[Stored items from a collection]
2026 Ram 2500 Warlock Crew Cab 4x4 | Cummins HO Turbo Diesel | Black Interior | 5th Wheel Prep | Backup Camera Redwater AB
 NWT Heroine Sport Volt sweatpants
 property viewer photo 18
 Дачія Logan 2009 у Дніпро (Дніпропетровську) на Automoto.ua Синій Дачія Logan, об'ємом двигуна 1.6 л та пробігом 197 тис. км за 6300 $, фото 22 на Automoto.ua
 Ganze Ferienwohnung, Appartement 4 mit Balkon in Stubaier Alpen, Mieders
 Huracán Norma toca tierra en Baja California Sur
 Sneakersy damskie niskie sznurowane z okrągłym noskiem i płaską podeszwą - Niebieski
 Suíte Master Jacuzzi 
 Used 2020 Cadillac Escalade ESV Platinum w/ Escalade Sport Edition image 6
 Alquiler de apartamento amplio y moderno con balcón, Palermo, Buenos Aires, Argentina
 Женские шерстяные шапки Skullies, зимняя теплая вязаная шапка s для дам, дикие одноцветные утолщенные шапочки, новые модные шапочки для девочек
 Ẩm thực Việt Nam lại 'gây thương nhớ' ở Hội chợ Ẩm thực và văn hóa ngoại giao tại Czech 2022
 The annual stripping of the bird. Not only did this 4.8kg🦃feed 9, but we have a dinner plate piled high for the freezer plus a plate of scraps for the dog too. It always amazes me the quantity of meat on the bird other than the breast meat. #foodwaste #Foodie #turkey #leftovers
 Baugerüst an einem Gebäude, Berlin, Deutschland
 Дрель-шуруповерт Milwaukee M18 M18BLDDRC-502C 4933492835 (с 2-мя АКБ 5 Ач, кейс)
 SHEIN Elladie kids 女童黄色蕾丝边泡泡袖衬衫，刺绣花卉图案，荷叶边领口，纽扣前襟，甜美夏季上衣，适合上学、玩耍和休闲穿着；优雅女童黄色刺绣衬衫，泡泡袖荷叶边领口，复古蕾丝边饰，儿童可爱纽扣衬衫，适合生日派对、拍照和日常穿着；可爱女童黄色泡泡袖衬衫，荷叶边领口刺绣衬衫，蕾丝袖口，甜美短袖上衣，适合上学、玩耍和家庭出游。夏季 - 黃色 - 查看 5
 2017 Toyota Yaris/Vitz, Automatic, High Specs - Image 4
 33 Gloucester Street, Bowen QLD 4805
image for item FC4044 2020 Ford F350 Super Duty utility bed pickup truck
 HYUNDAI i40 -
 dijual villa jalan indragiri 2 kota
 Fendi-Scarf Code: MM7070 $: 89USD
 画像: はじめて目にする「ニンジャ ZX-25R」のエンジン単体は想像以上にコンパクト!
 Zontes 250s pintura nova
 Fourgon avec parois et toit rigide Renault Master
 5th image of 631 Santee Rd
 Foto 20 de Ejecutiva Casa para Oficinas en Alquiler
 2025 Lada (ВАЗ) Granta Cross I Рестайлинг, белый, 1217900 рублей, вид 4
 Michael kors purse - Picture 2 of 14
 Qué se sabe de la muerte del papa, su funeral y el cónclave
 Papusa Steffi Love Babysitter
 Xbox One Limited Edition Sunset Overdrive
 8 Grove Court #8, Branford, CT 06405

HOW TO COMPLETE THIS TASK:
Return a copy of each line in the entries that contains "Sport".

RESPONSE TO THIS TASK:
 NWT Heroine Sport Volt sweatpants
 Used 2020 Cadillac Escalade ESV Platinum w/ Escalade Sport Edition image 6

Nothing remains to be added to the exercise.